Mar
1
The Left’s Moral Confusion Over Israel and Palestine
This week I offer another citation about Leftism from Dennis Prager’s Still the Best Hope: Why the World Needs American Values to Triumph, in which he addresses a particular apparent inconsistency between the values and actions of those on the Left. Good questions, helpful answers.
“Another revealing example of the moral confusion of the Left has been its support for the Palestinians in their conflict with Israel. Why does the Left support the Palestinians against Israel?
The question is rarely asked. It is simply taken for granted. (To be clear, I am referring to support for the Palestinians against Israel, not support for a Palestinian state.) But the question should be asked because support for the Palestinians is inconsistent with the Left’s professed values. Just about every value the Left claims to uphold Israel upholds and its enemies, including the Palestinians, do not.

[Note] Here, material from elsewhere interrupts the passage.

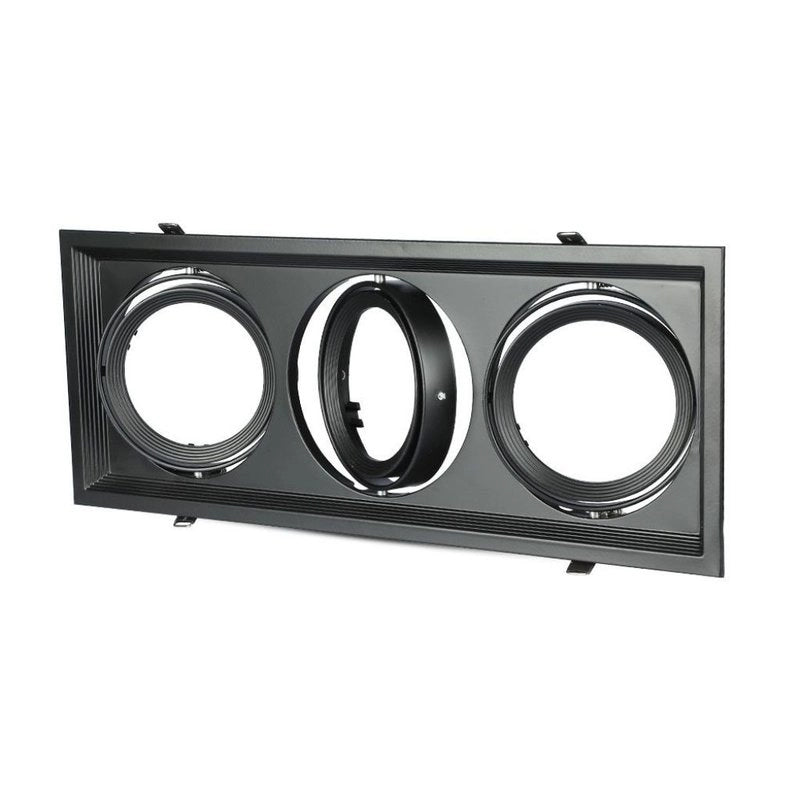 Carcassa Plafoniera Da Incasso Orientabile Rettangolare Per 3 Posti Lampade Led AR111 Cornice Bianco SKU-3583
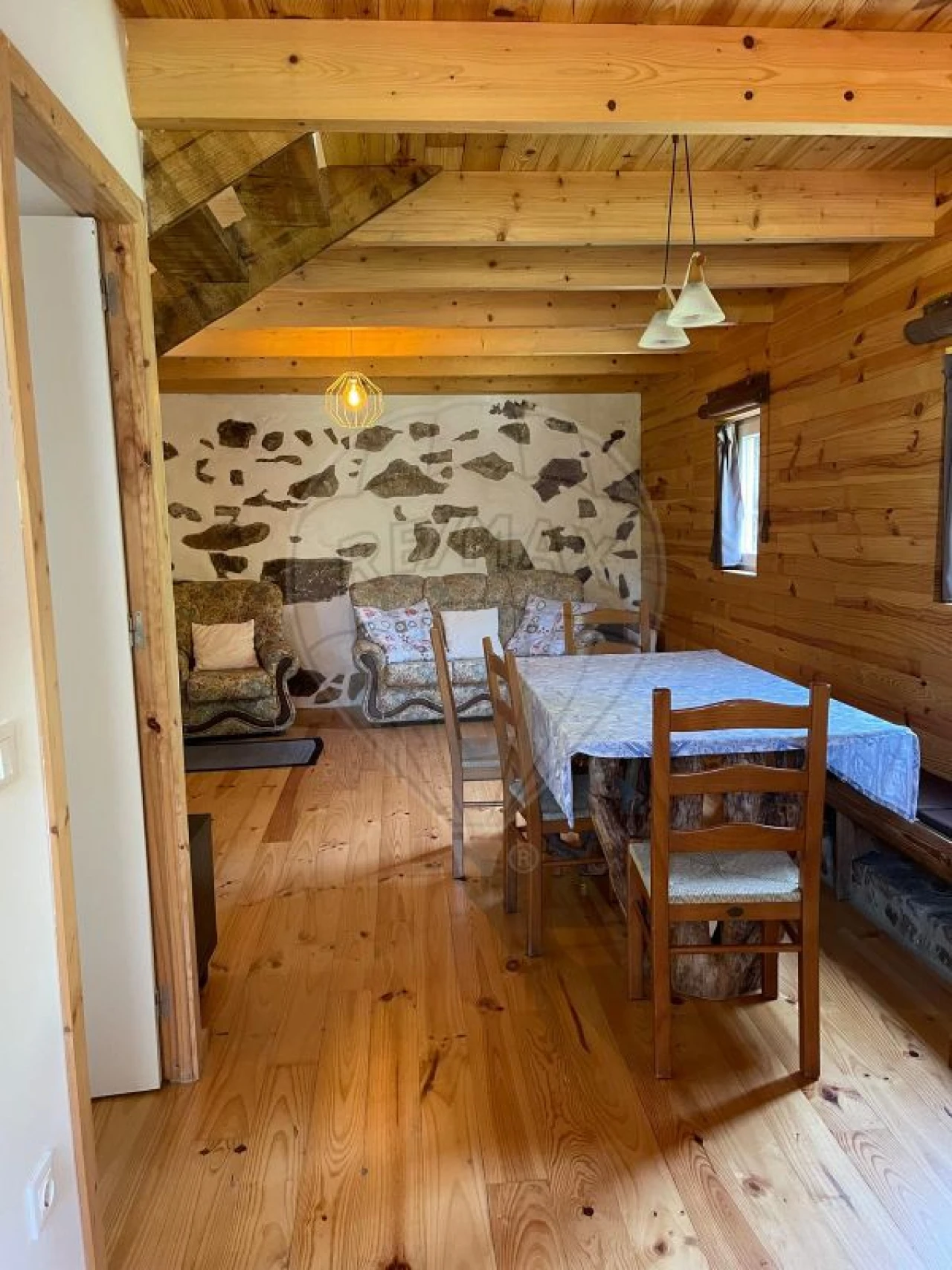 Moradia T5 para Venda em Varzea Foto 46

The Left speaks about its passion for democracy. Yet it is Israel that is a fully functioning democracy, as opposed to its Arab and Muslim enemies, including the Palestinians who have been led largely by terrorists, from Yasser Arafat to Hamas.
The Left claims to have a particular concern for women’s rights. Yet it is Israel that has as highly developed a feminist movement as that of any Western country. It is Israel that conscripted women into its armed forces before almost any Western country did. At the same time, the state of women’s rights among Israel’s Muslim enemies is perhaps the lowest in the world.

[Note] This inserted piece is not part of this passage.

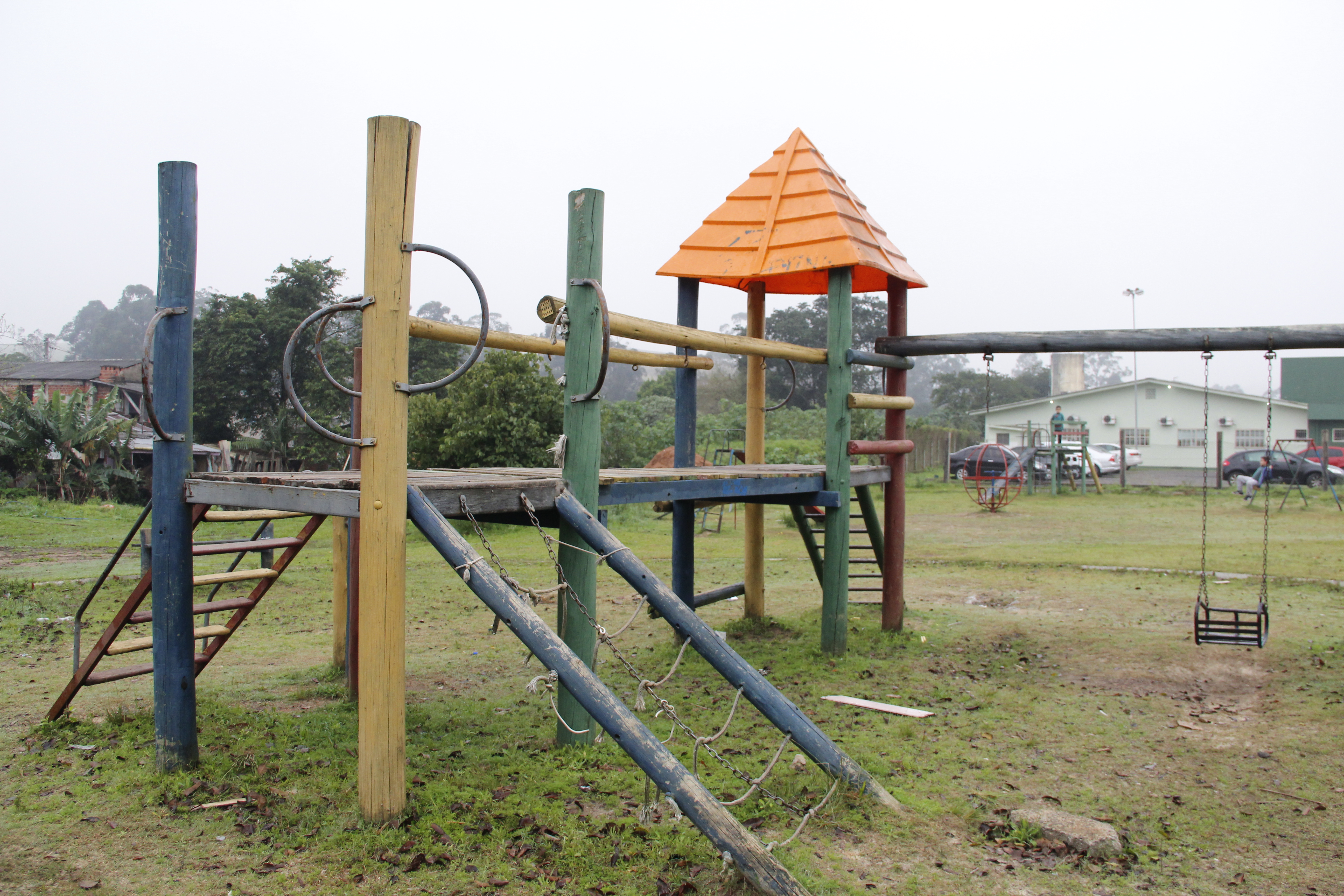 19/07/2022 - Vereador Brizola organiza mutirão para conserto de praça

The Left’s greatest current preoccupation is with gay rights. Yet it is Israel that has annual gay pride days, while Arab and Muslim countries persecute homosexuals.
It is Israel that has an independent (and liberal) judiciary. It is Israel that has a Left-wing press. It is Israel that has been governed by Leftist, even socialist, parties. Israel’s enemies have none of this.
So, why isn’t the Left leading pro-Israel demonstrations?
Perhaps because women’s equality, independent judiciaries, liberty, gays, and a free press are not the primary concerns of the anti-Israel Left. The causes the Left speaks for are often noble-sounding covers for deeper concerns such as the weakening of Western, especially American, power in the world, the weakening of Judeo-Christian religions, the weakening of free market capitalism, and support for the ‘underdog.’
The Left tends to divide the world into rich and poor, strong and weak, and favorite and underdog rather than good and evil or right and wrong. Support for the ‘underdog’ is the reason given by Richard Falk, a leading Left-wing anti-Israel (and anti-American) activist, who, owing to his support for the Palestinians, was appointed the United Nations special rapporteur to the Palestinian territories: ‘In reality, Falk told the Forward, his criticism of Israel is [due to] … his posture as an American leftist, perennially dedicated to history’s underdogs — in his eyes, the Palestinians.’
In order not to recognize Israel’s moral superiority to its enemies, one must use a different moral yardstick. The Left does.
Two weeks after the July 2005 terror bombings in London that killed fifty-two and injured seven hundred civilians, the then mayor of London, Ken Livingstone, a prominent Leftist, defended the Palestinian use of suicide bombers. ‘In an unfair balance, that’s what people use,’ he said.”
Granted, Prager may not have touched here on every relevant matter or claim on this topic, but he makes a lot of sense regarding what he does address. Those on the Left do indeed appear to be greatly morally confused.